Spires That In the Sunset Rise are an experimental duo — Ka Baird and Taralie Peterson — who bend voices, electronics, cello, sax, flute and other instruments’ sounds into strange, evocative shapes. Their music finds a space somewhere on the outer perimeter of acid folk, contemporary classical and free improvisation. Psychic Oscillations is their 12th album in a career that has now stretched to two decades, and it is a very clear, very intentional iteration of their aesthetic. Their earliest albums were put together loosely, letting inchoate psychedelic inspiration take them where it would, never mind the occasional sour note. This one is artful and disciplined, a well-defined structure underlying the songs, and the instruments aligned to a purpose. But still very strange and mysterious.

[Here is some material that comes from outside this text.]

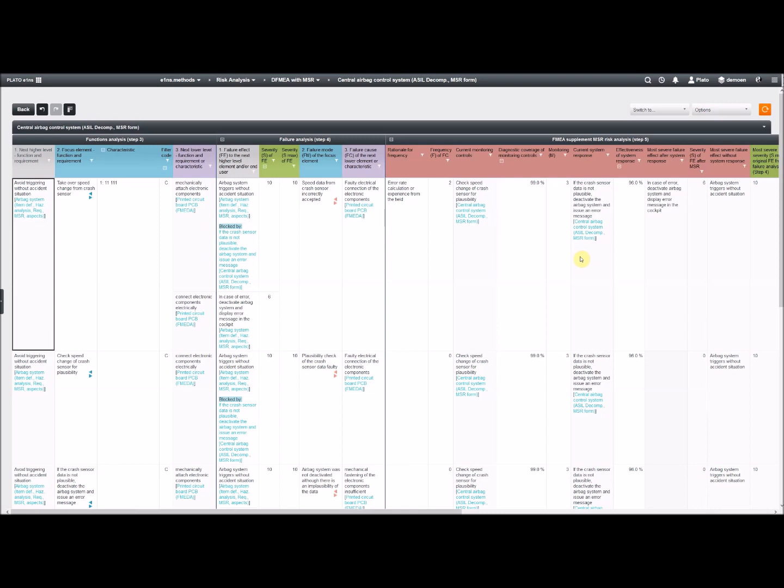Also some other columns are available. Please have a look at the FMEA handbook. It is explained what you can fill in here. Those percentages, they allow you to lower a little bit, for example, the frequency value or the monitoring value.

The title cut, the disc’s longest at just over 10 minutes, rattles with staccato bursts of plucked strings, the vocals zooming in and out of dopplered focus. Sung notes bend and loop and sag, as if they are darting towards you and away. Some vocal tones are pure and lovely, others more rhythmic grunts and aspirations. There’s a violence in the way that the strings are attacked and the interjections of “yeh!” and “hah!” jump out, but a quiet contemplation in the piece overall.
The sax-centric pieces are especially good, like “Geomantra” with its intricate, Reichian rounds of pixelated melody. The cut is playful, antic, it seems to dance in a way that is both primitively satisfying and intellectually stimulating. “Sax Solfa,” at the end, also relies on reeds to add dream-like layers to its shimmering madrigal fancies. Saxophones riffs are doubled and tripled as they rise up the scale, weaving in and through each other and cutting in from different directions. The sung melody has a medieval sound to it, like monk chant but female, but it is set in a shimmering corona of modernity, electronic drone, hypnotic blasts of sax, echo and hum.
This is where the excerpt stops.